— PROVIDED DATA —
______

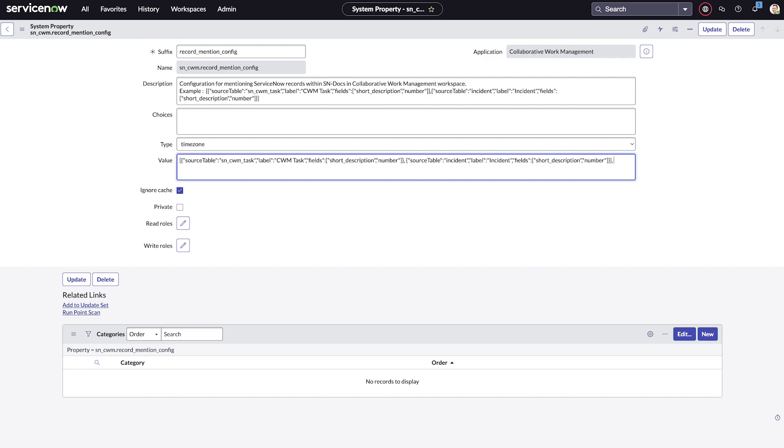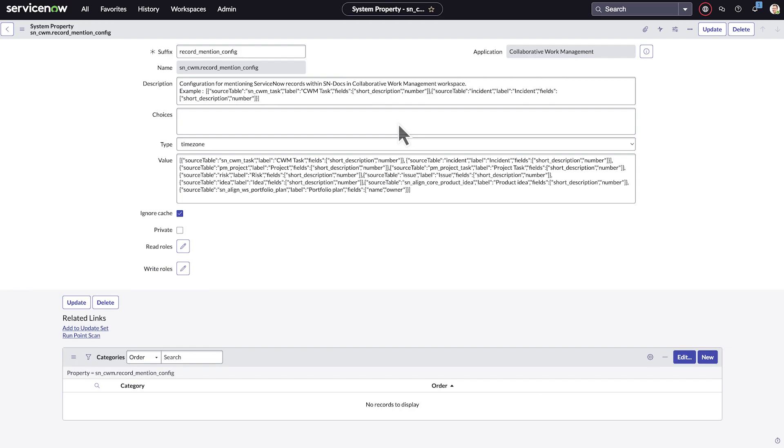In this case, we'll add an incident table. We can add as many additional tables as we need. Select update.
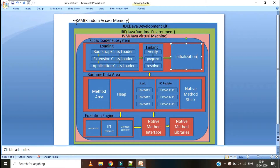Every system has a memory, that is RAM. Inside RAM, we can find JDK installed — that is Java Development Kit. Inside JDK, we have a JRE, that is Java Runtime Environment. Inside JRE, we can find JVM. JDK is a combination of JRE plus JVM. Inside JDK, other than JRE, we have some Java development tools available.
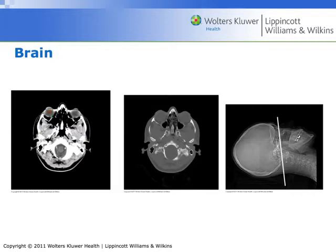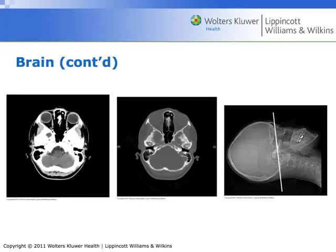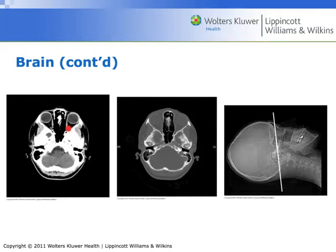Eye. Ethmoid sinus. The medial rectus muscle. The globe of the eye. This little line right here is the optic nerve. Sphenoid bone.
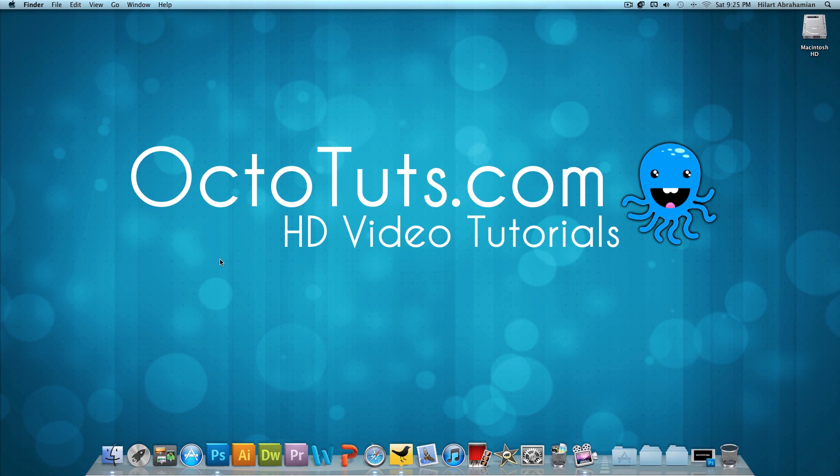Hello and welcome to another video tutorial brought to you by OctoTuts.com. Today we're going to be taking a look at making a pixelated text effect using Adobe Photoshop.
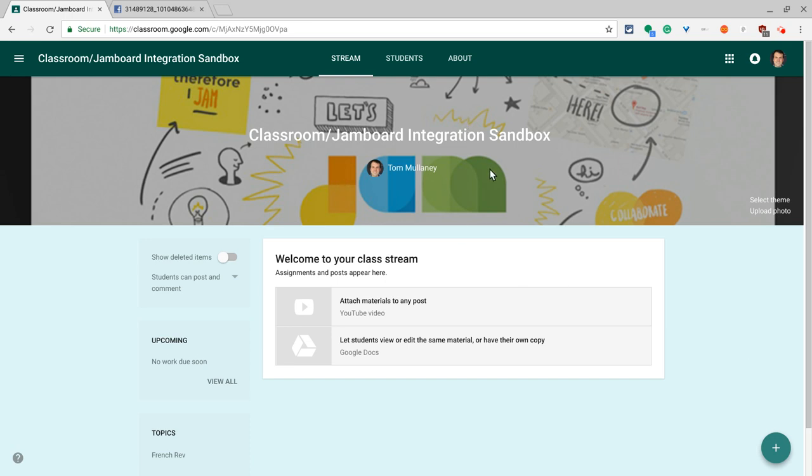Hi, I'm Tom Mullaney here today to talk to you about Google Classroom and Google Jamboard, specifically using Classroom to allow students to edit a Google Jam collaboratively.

______

— REQUIRED WORK —
Transcribe the full listing above exactly, with the images removed.

— EXPECTED OUTPUT —
In this case, we'll add an incident table. We can add as many additional tables as we need. Select update.
Every system has a memory, that is RAM. Inside RAM, we can find JDK installed — that is Java Development Kit. Inside JDK, we have a JRE, that is Java Runtime Environment. Inside JRE, we can find JVM. JDK is a combination of JRE plus JVM. Inside JDK, other than JRE, we have some Java development tools available.
Eye. Ethmoid sinus. The medial rectus muscle. The globe of the eye. This little line right here is the optic nerve. Sphenoid bone.
Hello and welcome to another video tutorial brought to you by OctoTuts.com. Today we're going to be taking a look at making a pixelated text effect using Adobe Photoshop.
Hi, I'm Tom Mullaney here today to talk to you about Google Classroom and Google Jamboard, specifically using Classroom to allow students to edit a Google Jam collaboratively.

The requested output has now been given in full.